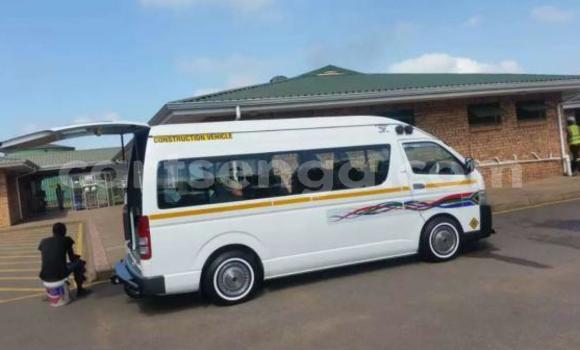 Nunua Ilio tumika Toyota Hiace White Gari ndani ya Bulembu nchini Hhohho Nunua Ilio tumika Toyota Hiace White Gari ndani ya Bulembu nchini Hhohho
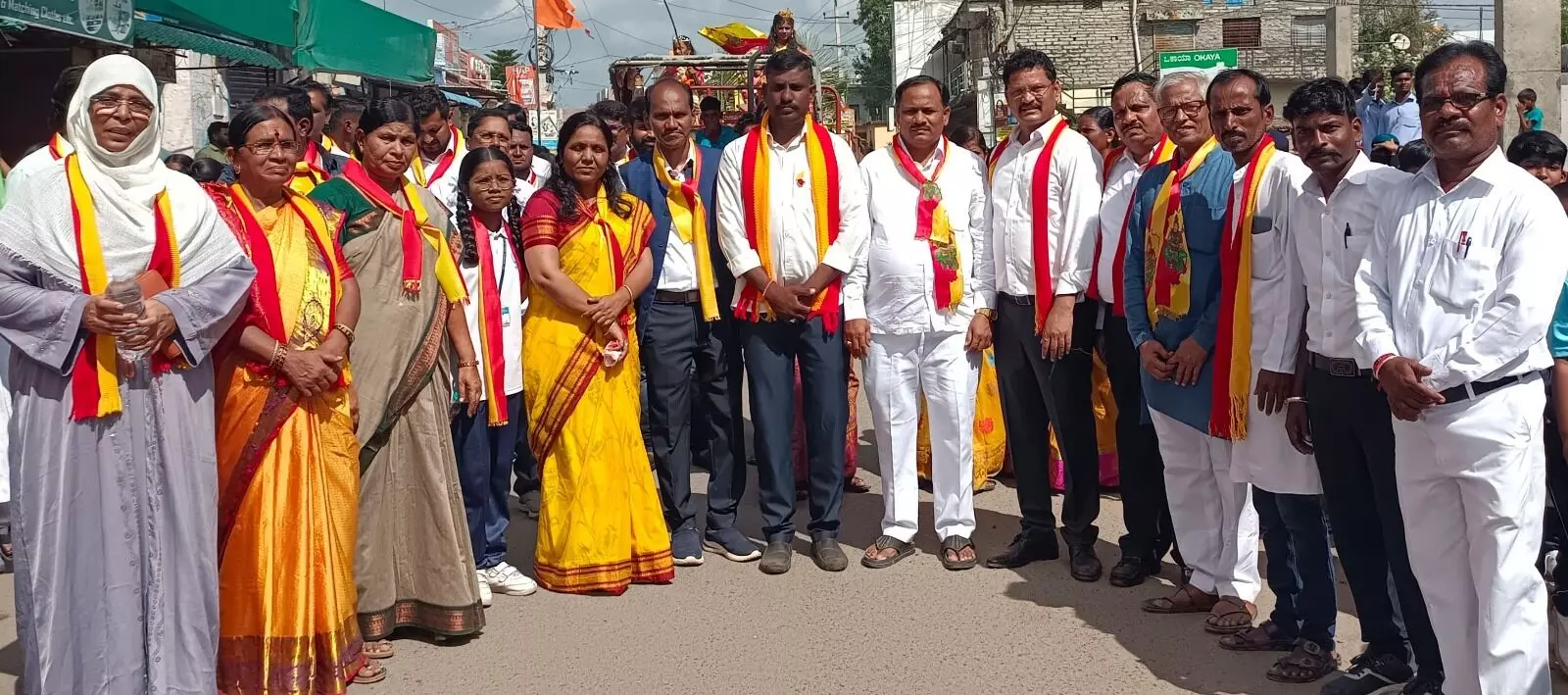 ಕಲಬುರಗಿ | ಕನ್ನಡಿಗರಿಗೆ ಮಾತೃಭಾಷೆ ಕನ್ನಡ ಹೆತ್ತ ತಾಯಿಗೆ ಸಮ : ನೀಲಪ್ರಭಾ ಬಬಲಾದ ಕಲಬುರಗಿ | ಕನ್ನಡಿಗರಿಗೆ ಮಾತೃಭಾಷೆ ಕನ್ನಡ ಹೆತ್ತ ತಾಯಿಗೆ ಸಮ : ನೀಲಪ್ರಭಾ ಬಬಲಾದ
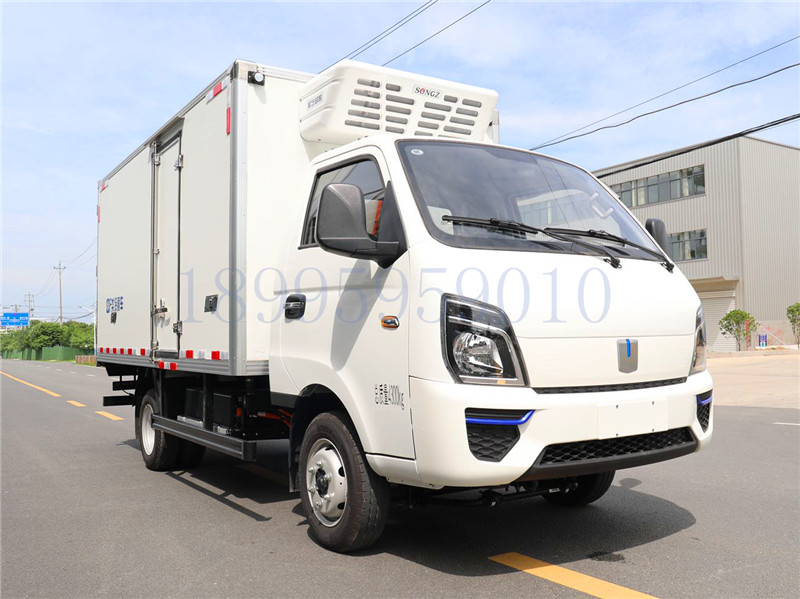 吉利鋒銳V5E純電動3.8米冷藏車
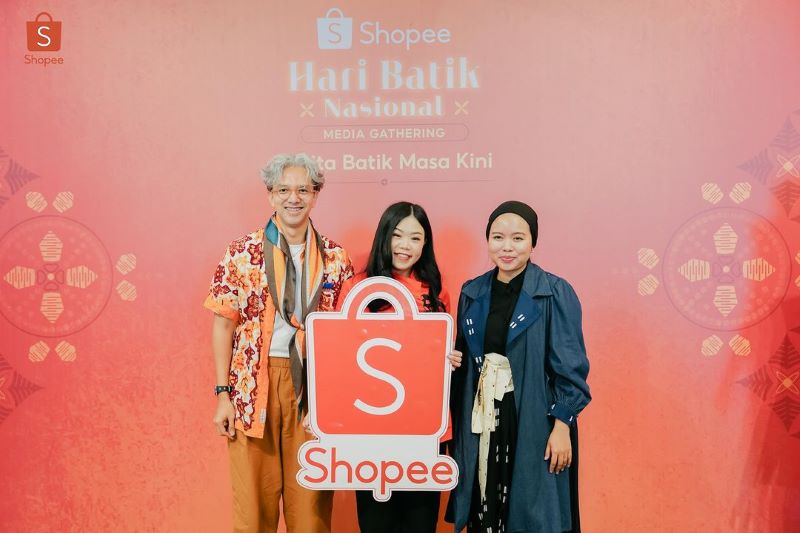 (ki-ka) Perancang Busana, Didiet Maulana, Head of Marketing Growth Shopee Indonesia, Monica Vionna & Produsen Batik Lokal, Damakara Official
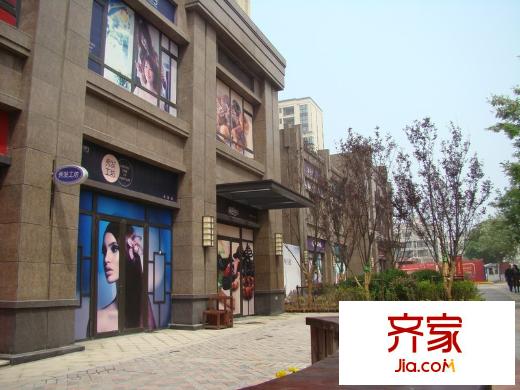 保利里院里外景圖項(xiàng)目實(shí)景圖（20120809）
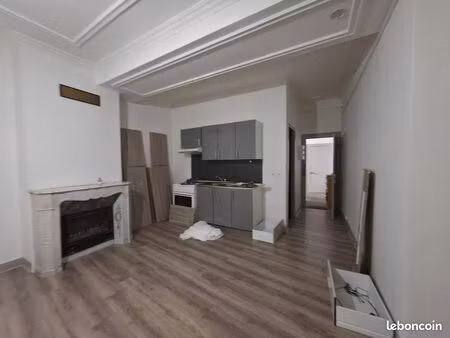 appartement semi meublé  rénové  wifi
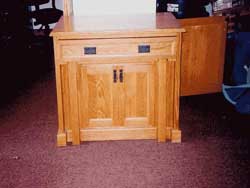 Amish Custom Made Oak Diners Cabinet with 6 Leaves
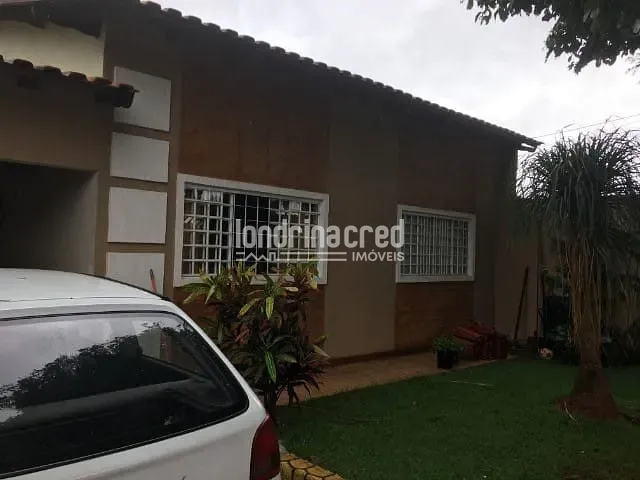 Casa com 250m², à venda, no bairro Jardim Marissol em Londrina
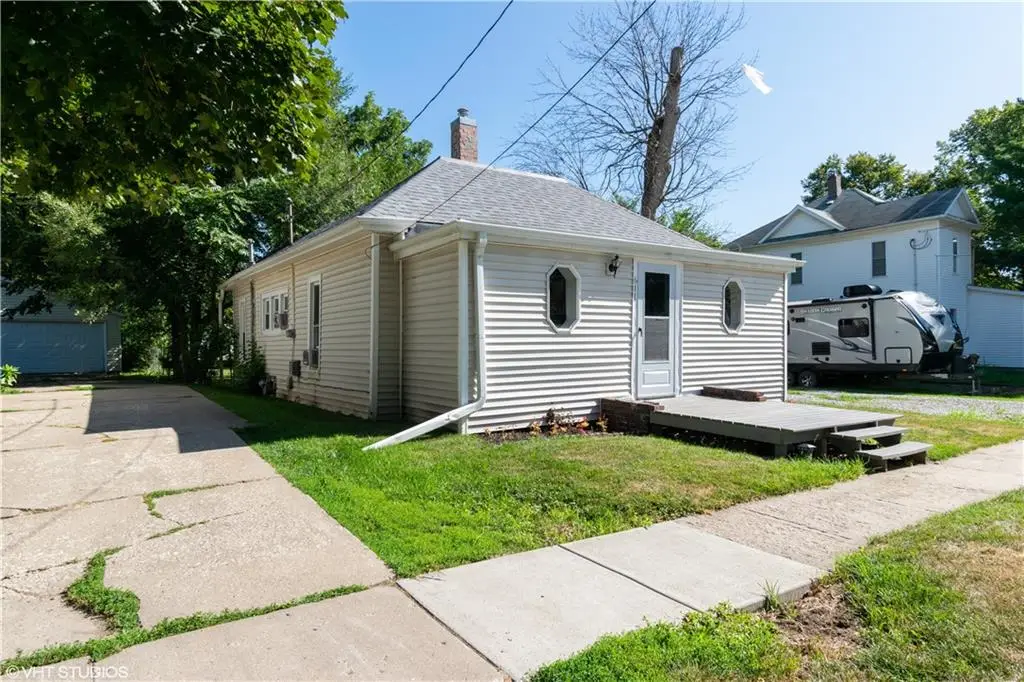 611 W 7th Street, Boone, IA 50036 - #1
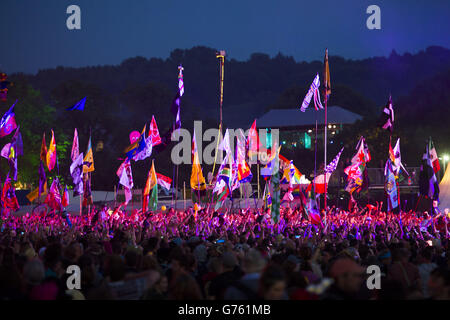 Vista generale della folla durante il set di Kasabian, al festival di Glastonbury, presso la Worthy Farm nel Somerset. . Foto Stock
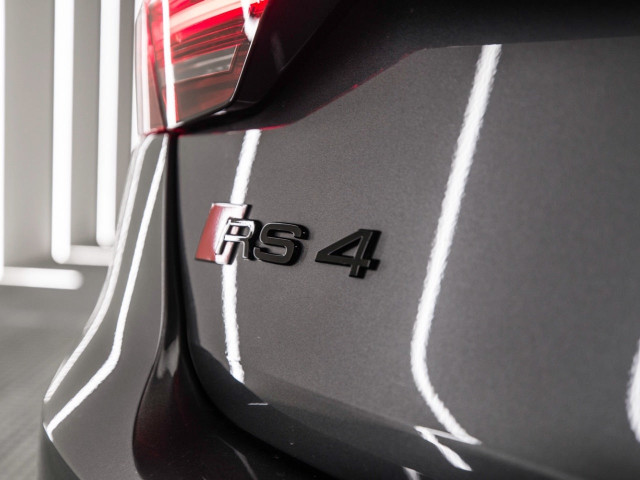AUDI A4 RS4 Avant Competit Plus TFS 331 kW tiptr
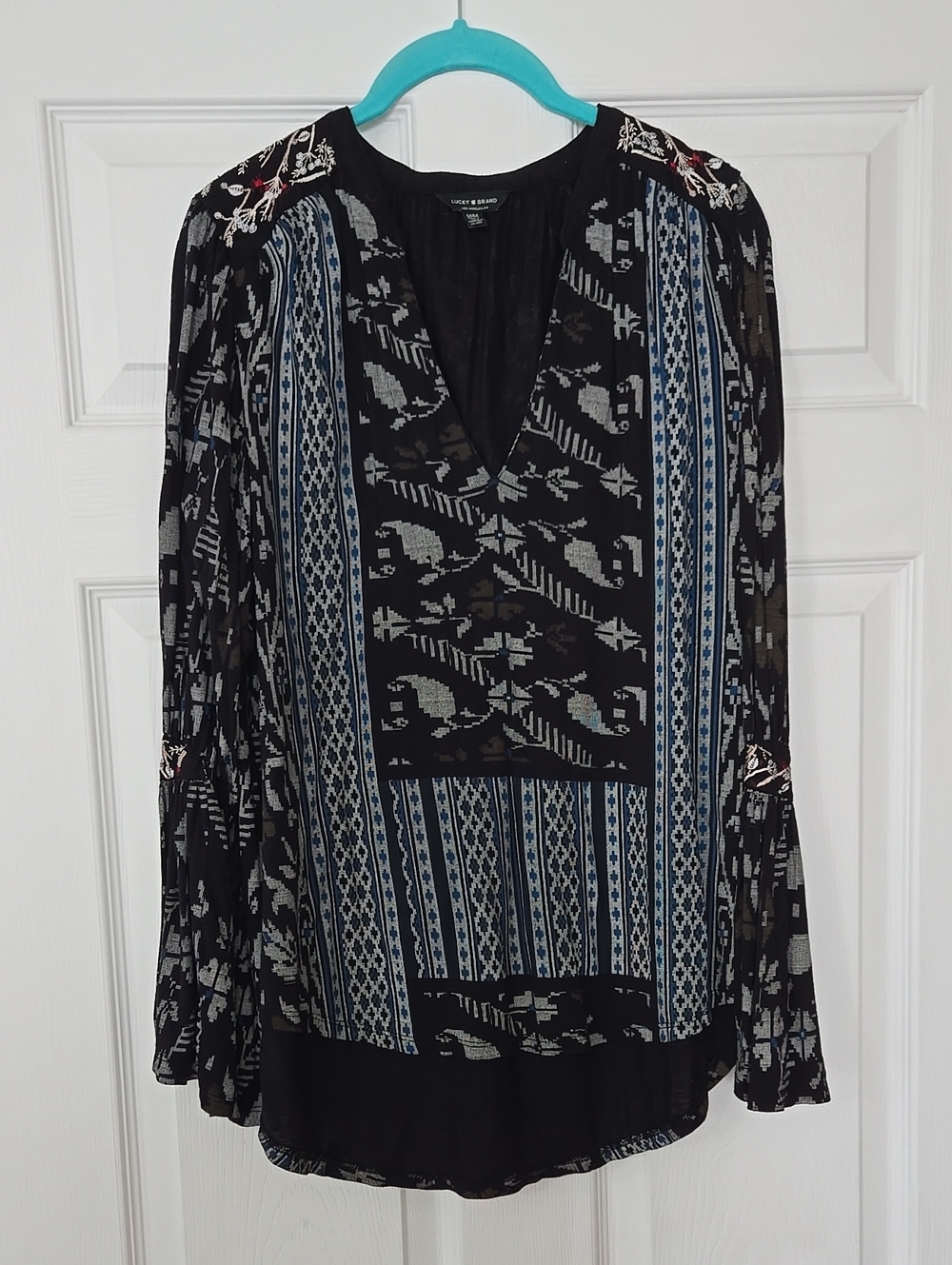 Lucky Brand Black & Blue Printed V-Neck Hi-Low Boho Top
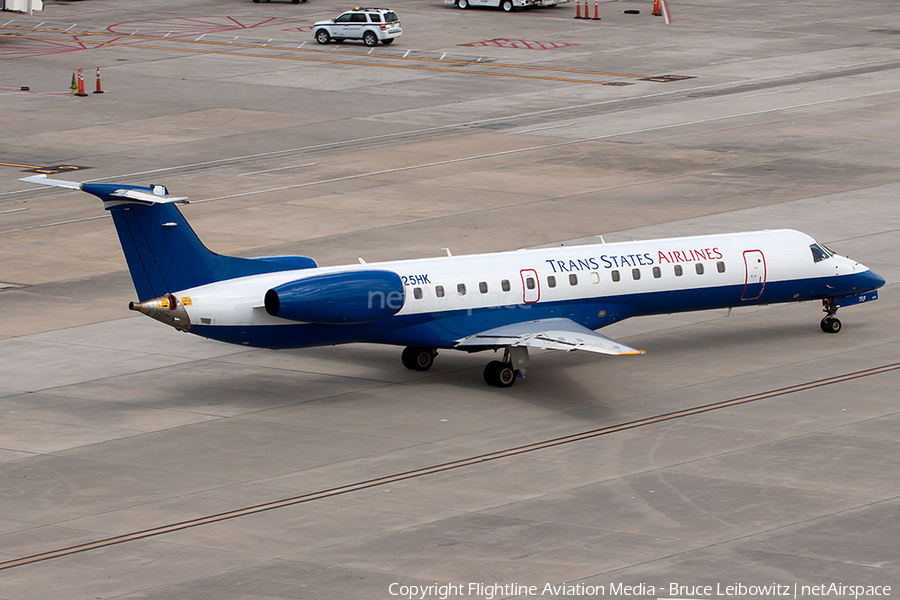 Trans States Airlines Embraer ERJ-145LR (N825HK) | Photo 95942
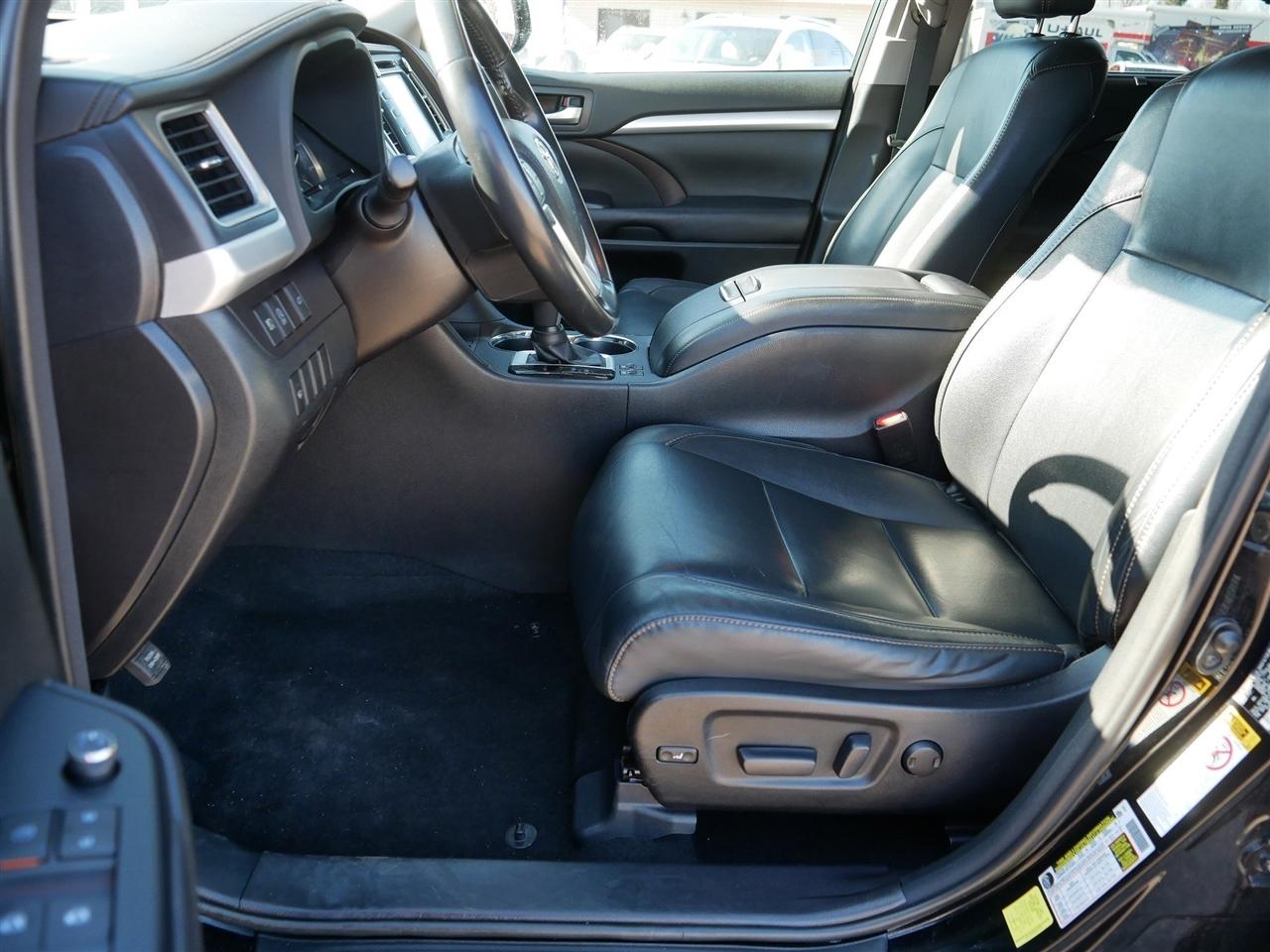 Toyota Highlander XLE AWD V6 2017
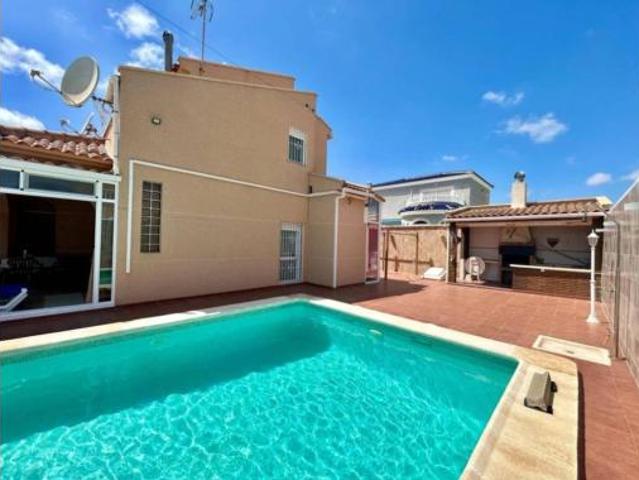 Chalet Venta Torrevieja, Torrevieja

TRY IT: In the copy, include every entry above exactly and leave out each picture.

SOLUTION FOR THIS EXERCISE:
 Nunua Ilio tumika Toyota Hiace White Gari ndani ya Bulembu nchini Hhohho Nunua Ilio tumika Toyota Hiace White Gari ndani ya Bulembu nchini Hhohho
 ಕಲಬುರಗಿ | ಕನ್ನಡಿಗರಿಗೆ ಮಾತೃಭಾಷೆ ಕನ್ನಡ ಹೆತ್ತ ತಾಯಿಗೆ ಸಮ : ನೀಲಪ್ರಭಾ ಬಬಲಾದ ಕಲಬುರಗಿ | ಕನ್ನಡಿಗರಿಗೆ ಮಾತೃಭಾಷೆ ಕನ್ನಡ ಹೆತ್ತ ತಾಯಿಗೆ ಸಮ : ನೀಲಪ್ರಭಾ ಬಬಲಾದ
 吉利鋒銳V5E純電動3.8米冷藏車
 (ki-ka) Perancang Busana, Didiet Maulana, Head of Marketing Growth Shopee Indonesia, Monica Vionna & Produsen Batik Lokal, Damakara Official
 保利里院里外景圖項(xiàng)目實(shí)景圖（20120809）
 appartement semi meublé  rénové  wifi
 Amish Custom Made Oak Diners Cabinet with 6 Leaves
 Casa com 250m², à venda, no bairro Jardim Marissol em Londrina
 611 W 7th Street, Boone, IA 50036 - #1
 Vista generale della folla durante il set di Kasabian, al festival di Glastonbury, presso la Worthy Farm nel Somerset. . Foto Stock
AUDI A4 RS4 Avant Competit Plus TFS 331 kW tiptr
 Lucky Brand Black & Blue Printed V-Neck Hi-Low Boho Top
 Trans States Airlines Embraer ERJ-145LR (N825HK) | Photo 95942
 Toyota Highlander XLE AWD V6 2017
 Chalet Venta Torrevieja, Torrevieja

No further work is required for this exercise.